Mass distributions and stellar populations in spiral galaxies
Davis, Joseph C.
Talbot, Raymond J.
Master of Science
The techniques of obtaining mass models for spiral galaxies from their observed rotation curves are reviewed. A fast method for fitting the Toomre type disk mass model together with a simple prescription for the distribution of central bulge material is developed based on observed rotation curves. Several well observed galaxies are then modeled in this fashion. These mass models of real galaxies are then used as input to an extension of an ongoing program of galactic evolution modeling. Multizone galactic models are constructed assuming each radial zone evolves independently with a rate of star formation proportional to the frequency of spiral arm passage as derived from density wave theory. The proportionality factor, called the efficiency of star formation, is the only free parameter of the model. An initial era of star formation is assumed to deplete an amount of gas into stars equal to: the amount of bulge mass at each radius.
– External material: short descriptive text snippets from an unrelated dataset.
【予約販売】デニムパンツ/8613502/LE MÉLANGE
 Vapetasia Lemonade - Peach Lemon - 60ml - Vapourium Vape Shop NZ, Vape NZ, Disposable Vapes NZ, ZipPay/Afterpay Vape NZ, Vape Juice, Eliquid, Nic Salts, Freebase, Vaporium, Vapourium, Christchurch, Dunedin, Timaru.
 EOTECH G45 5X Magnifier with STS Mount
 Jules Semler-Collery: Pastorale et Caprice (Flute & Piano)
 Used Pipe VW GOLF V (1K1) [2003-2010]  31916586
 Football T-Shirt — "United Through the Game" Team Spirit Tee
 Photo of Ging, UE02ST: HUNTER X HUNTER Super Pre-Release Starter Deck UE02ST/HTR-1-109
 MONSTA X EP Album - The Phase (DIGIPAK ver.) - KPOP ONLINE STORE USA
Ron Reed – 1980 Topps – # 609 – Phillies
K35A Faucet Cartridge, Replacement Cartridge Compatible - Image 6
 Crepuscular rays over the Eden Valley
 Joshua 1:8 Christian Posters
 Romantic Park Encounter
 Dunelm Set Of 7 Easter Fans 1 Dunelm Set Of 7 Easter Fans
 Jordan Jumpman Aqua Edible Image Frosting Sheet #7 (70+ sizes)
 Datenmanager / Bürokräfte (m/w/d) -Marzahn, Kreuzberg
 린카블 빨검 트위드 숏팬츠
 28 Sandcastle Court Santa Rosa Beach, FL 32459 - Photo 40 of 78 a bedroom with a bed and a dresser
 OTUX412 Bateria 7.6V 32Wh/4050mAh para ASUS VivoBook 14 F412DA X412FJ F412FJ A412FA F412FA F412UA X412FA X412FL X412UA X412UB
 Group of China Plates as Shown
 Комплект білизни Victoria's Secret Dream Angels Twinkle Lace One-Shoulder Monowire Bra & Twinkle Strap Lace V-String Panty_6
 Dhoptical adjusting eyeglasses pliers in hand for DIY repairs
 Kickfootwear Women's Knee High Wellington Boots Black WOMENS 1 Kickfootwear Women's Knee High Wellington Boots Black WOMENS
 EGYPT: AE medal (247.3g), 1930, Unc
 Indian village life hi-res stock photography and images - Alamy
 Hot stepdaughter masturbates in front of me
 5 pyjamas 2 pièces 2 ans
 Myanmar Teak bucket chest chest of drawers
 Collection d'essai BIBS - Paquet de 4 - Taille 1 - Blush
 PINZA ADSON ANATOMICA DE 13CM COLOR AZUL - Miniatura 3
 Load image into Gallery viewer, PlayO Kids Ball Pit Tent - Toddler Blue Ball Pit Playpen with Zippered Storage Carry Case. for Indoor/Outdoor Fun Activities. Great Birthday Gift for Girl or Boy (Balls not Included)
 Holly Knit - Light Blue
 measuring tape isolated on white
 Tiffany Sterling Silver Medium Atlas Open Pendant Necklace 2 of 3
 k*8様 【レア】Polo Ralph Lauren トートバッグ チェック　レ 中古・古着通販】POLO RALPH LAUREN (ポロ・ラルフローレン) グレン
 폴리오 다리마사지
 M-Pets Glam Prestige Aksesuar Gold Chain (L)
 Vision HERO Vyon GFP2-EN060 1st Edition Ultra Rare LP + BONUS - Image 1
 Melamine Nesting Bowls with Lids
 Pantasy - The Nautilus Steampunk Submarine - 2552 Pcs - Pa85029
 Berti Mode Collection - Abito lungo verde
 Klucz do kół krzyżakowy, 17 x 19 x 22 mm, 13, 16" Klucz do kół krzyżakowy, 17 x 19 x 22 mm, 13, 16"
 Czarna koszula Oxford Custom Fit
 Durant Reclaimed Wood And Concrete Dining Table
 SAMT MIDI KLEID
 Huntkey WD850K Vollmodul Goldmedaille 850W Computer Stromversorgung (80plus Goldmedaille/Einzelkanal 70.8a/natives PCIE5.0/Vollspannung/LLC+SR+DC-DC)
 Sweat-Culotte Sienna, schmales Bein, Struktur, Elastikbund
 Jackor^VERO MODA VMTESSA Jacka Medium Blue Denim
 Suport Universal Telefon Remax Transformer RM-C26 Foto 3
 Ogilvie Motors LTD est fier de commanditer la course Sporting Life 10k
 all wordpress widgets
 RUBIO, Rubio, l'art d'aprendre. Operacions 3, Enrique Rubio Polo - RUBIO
A constant initial mass function equal to the Salpeter IMF is employed throughout. An evolutionary model of the nearby spiral galaxy M33 shows that a variable efficiency factor is required to reproduce both the observed integrated colors and luminosities. It is also shown that this model for the star formation rate coupled with the initial mass function determined from the stars in the local solar neighborhood will not produce model galaxies as blue as the bluest real galaxies. Therefore, either the IMF cannot be a universal constant or the star formation rate is a more complex function of time.